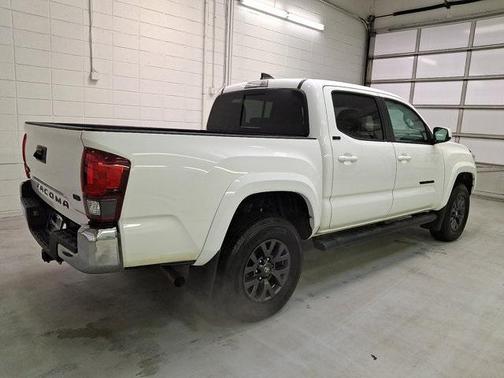 2022 Toyota Tacoma SR5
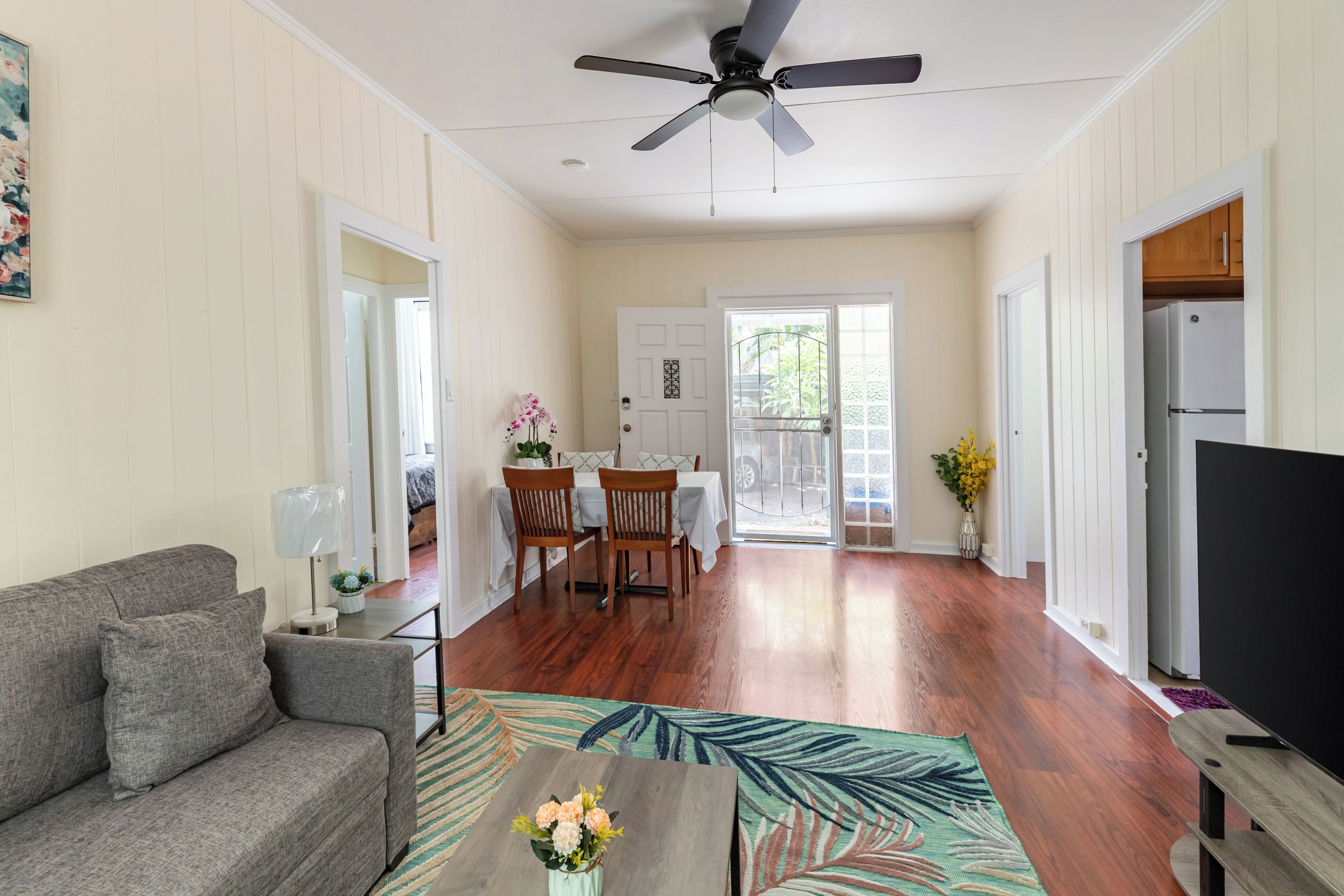 3BR House Walk to the Beach&Malls FREE Parking!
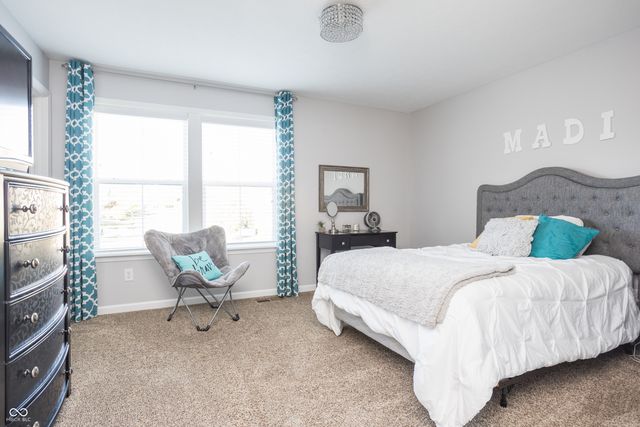 725 Bracknell Drive, Avon, IN 46123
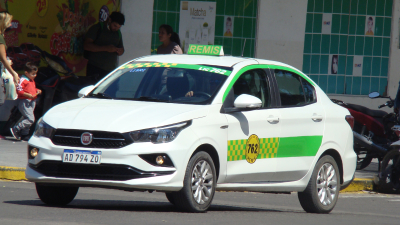 Protesta de remiseros y taxistas en el microcentro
******
What the exercise asks:
Could the listing above be transcribed exactly, with the pictures left out?

Worked solution:
 2022 Toyota Tacoma SR5
 3BR House Walk to the Beach&Malls FREE Parking!
 725 Bracknell Drive, Avon, IN 46123
 Protesta de remiseros y taxistas en el microcentro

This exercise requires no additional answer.